Alon
Alon

Reputation: 2929

Java inheritance class

I have main class:

public class MainClass{
    private int firstVal;
    private int secVal;

    public MainClass(int firstVal,int secVal){
      this.firstVal=firstVal;
      this.secVal=secVal;
    }
}

and second class that extend this class

 public class SecClass extends MainClass{
     public SecClass(int firstVal,int secVal){
         super(firstVal,secVal)
     }
 }

I want to know How can I use the values firstVal and secVal in the SecClass? super.firstVal ?? or that I have to defind the values in agian?

Thanks

Upvotes: 0

Views: 65

Answers (5)

betteroutthanin
betteroutthanin

Reputation: 7606

Here is a table about the scope of public, private and protected, from where you'll understand why private variable cannot be used in the child class, (from this post)

Modifier    | Class | Package | Subclass | World
————————————+———————+—————————+——————————+———————
public      |  ✔    |    ✔    |    ✔     |   ✔
————————————+———————+—————————+——————————+———————
protected   |  ✔    |    ✔    |    ✔     |   ✘
————————————+———————+—————————+——————————+———————
no modifier |  ✔    |    ✔    |    ✘     |   ✘
————————————+———————+—————————+——————————+———————
private     |  ✔    |    ✘    |    ✘     |   ✘

Upvotes: 1

ps-aux
ps-aux

Reputation: 12174

If they are in the same package, just remove private access modifier. If not, you need to add protected or public (very bad idea). In general you should not expose your fields to the sub-classes like this as you cannot know what they will do with them.

Upvotes: 0

Joel
Joel

Reputation: 4772

You could do this with getters and setters. But if you believe the subclass should be able to access them, then declare firstVal and secVal protected.
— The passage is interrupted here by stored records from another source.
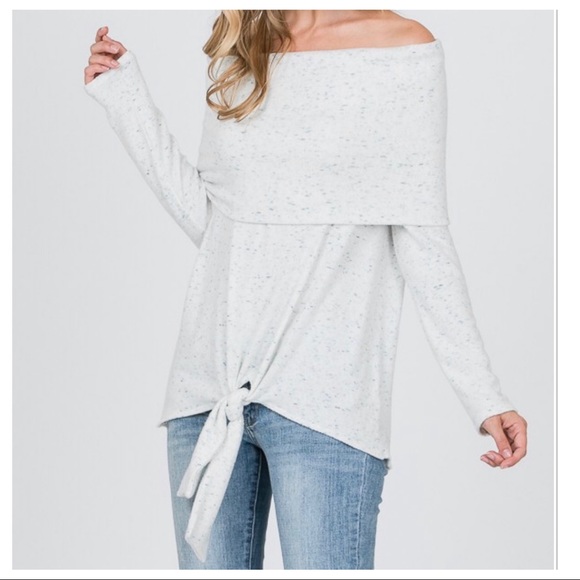 ✨LAST ONES ✨Off the shoulder soft top - Picture 7 of 8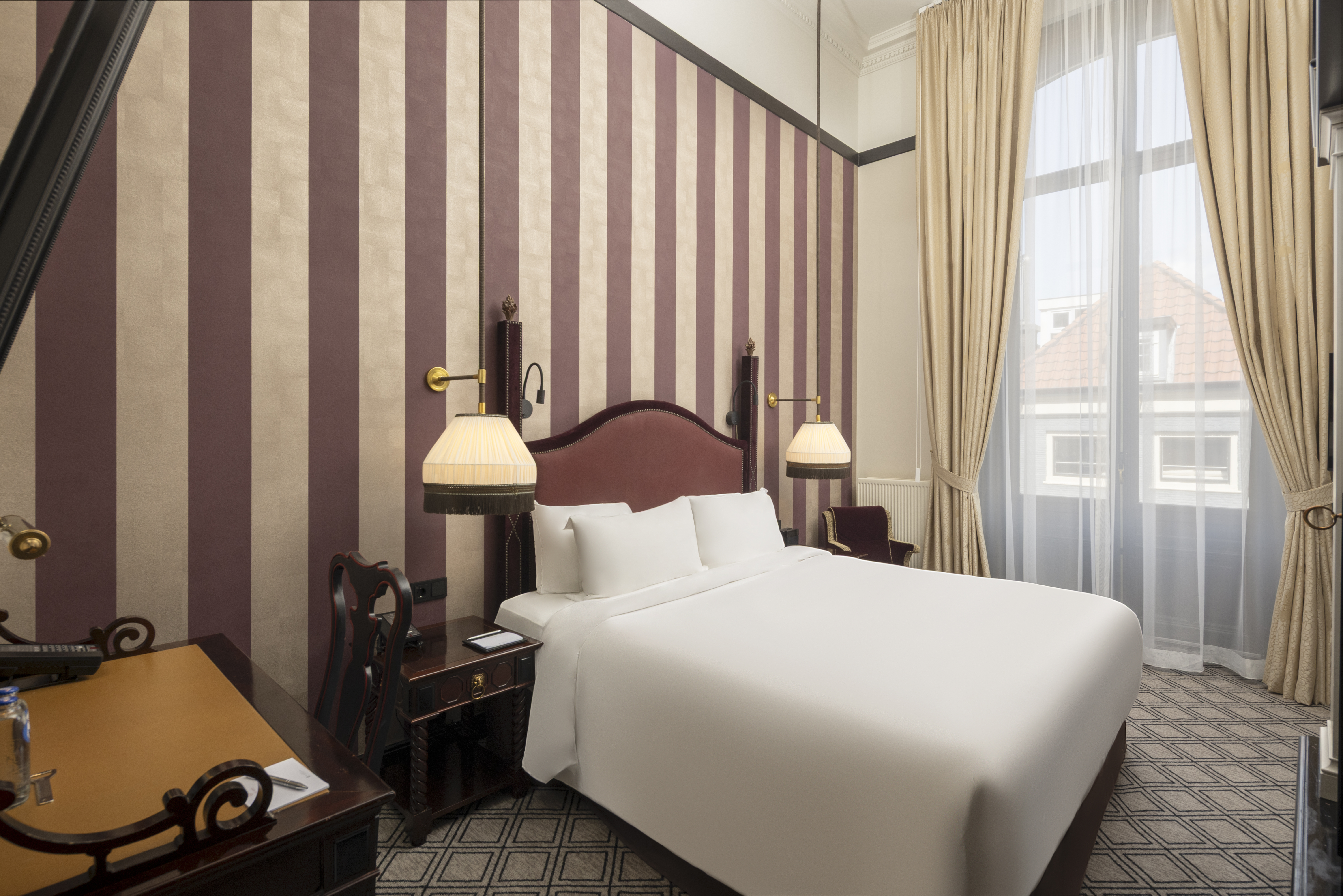 Double Superior Queen Bed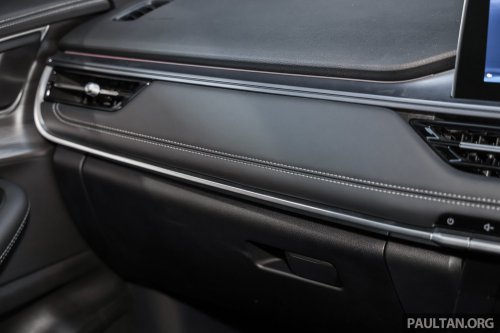 Chery Tiggo 8 1.6T full showroom gallery in Malaysia – non-Pro model is cheapest 7-seat Chery at RM129,800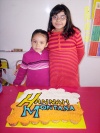 02022009 La festejada en compañía de su hermana Marianita Chávez.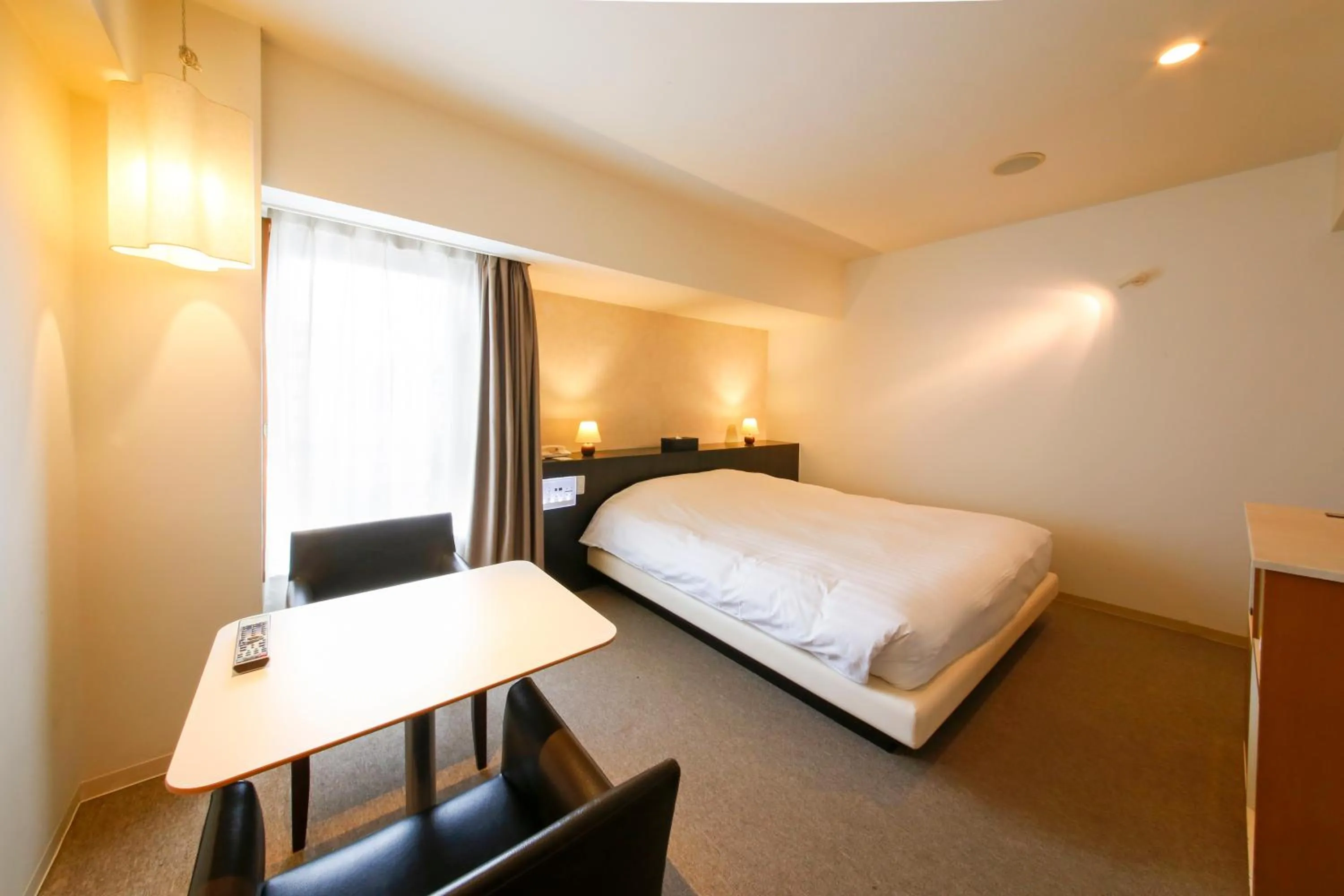 Photo of the whole room in Hotel Annex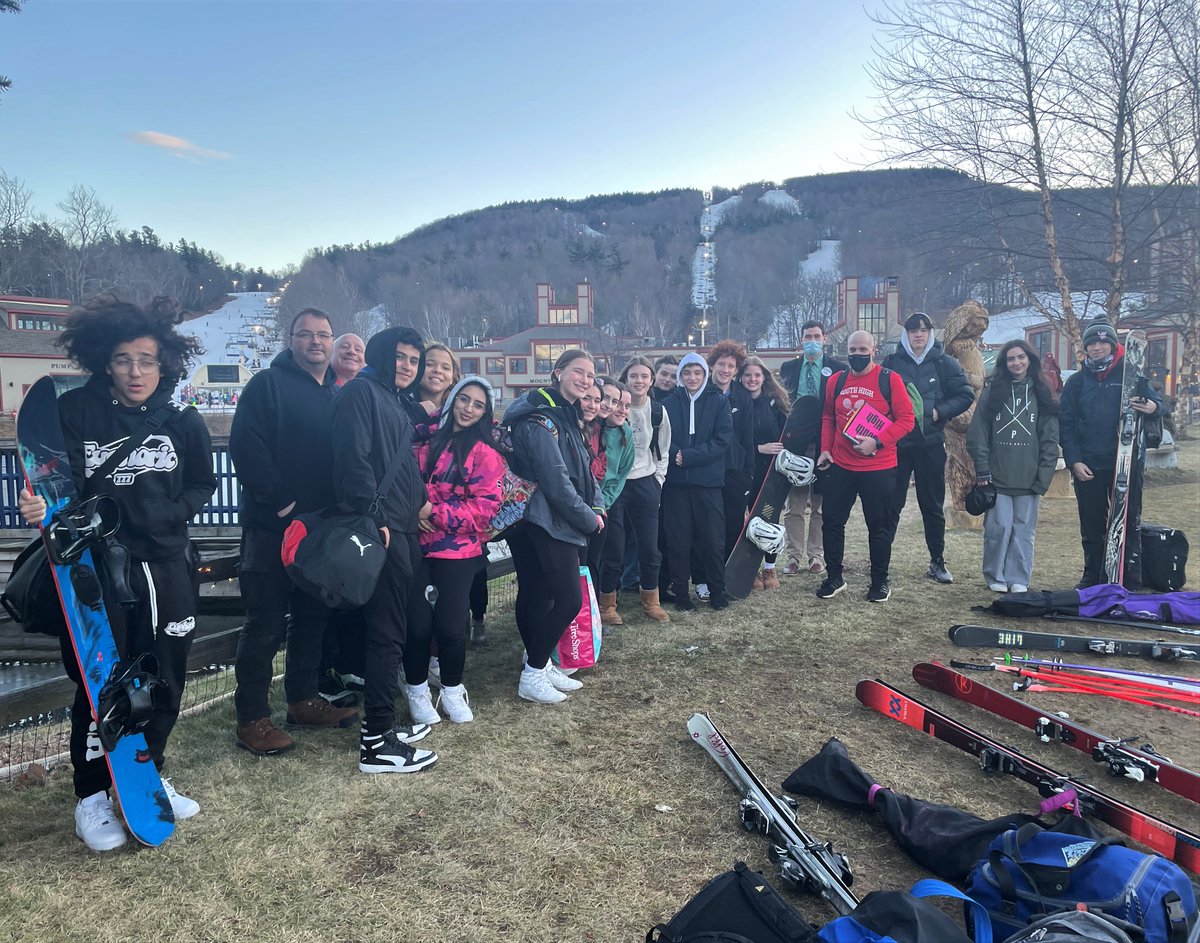 masshirecentral's tweet photo. @worcesterpublic #Ski Club photos from 3 weeks @Wachusett! Based out of South HS, the 6-week program is Wednesday nights and includes #careerskills lessons, #snacks, #skiing, and singing (not mandatory but encouraged) on bus rides. @drrmonarrez @MASchoolsK12 #ConnectingActivities https://t.co/Z2Mm3oYJBO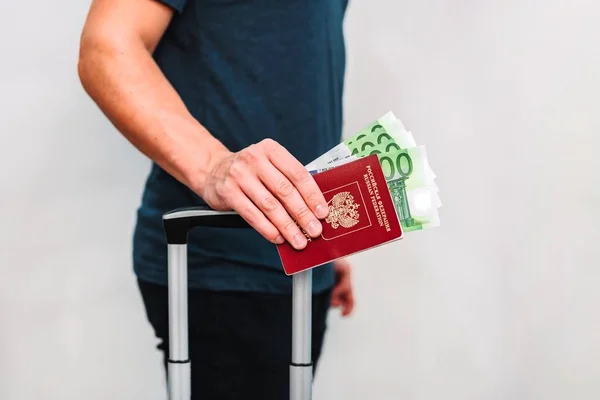 Passaporte Russo Dinheiro Mão Segurando Uma Mala Para Viagens — Fotografia de Stock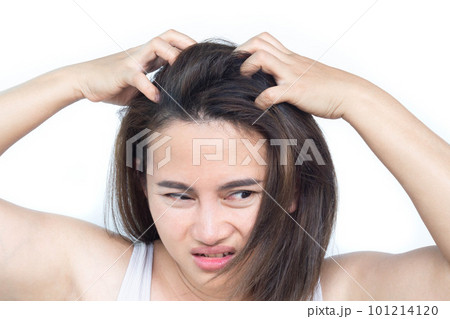 Closeup woman hand itchy scalp, for health care shampoo and beauty product concept Hair care concept 101214120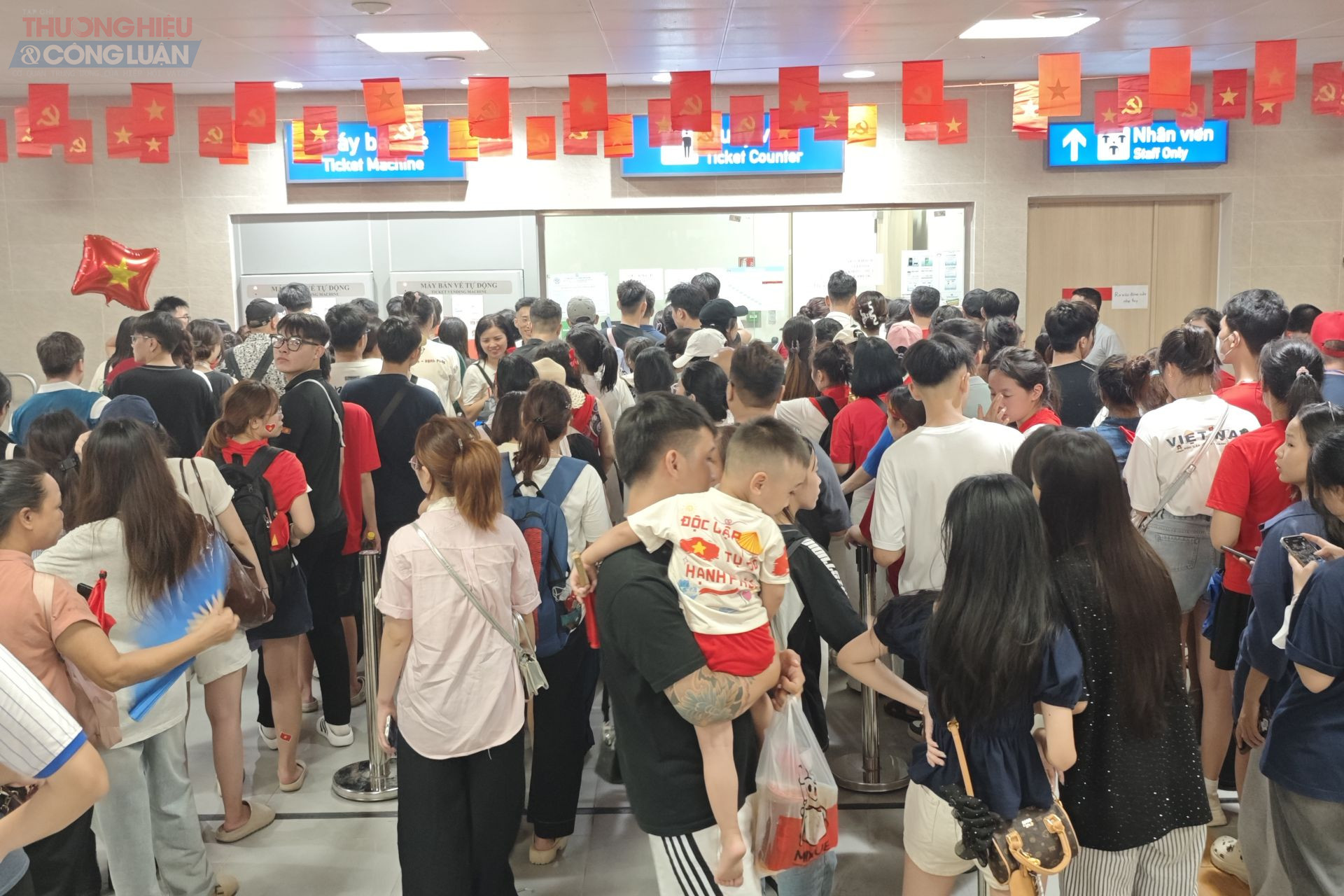 Không chỉ người lớn, các em nhỏ cũng háo hức, xếp hàng ngay ngắn khi ra khỏi khu vực kiểm soát vé tại ga Cát Linh.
Then you can access them directly in the subclass:

subclassInstance.firstVal
subclassInstance.secVal

Private variables are not allowed to be accessed by anyone or any subclass for that matter. Protected variables are similar except subclasses may access them. You can still call the super() constructor; it is good practice to let parent constructors initialize their own varibles.

Upvotes: 0

Brian
Brian

Reputation: 7326

You need getters and setters in your MainClass. Then you can call super.getFirstVal()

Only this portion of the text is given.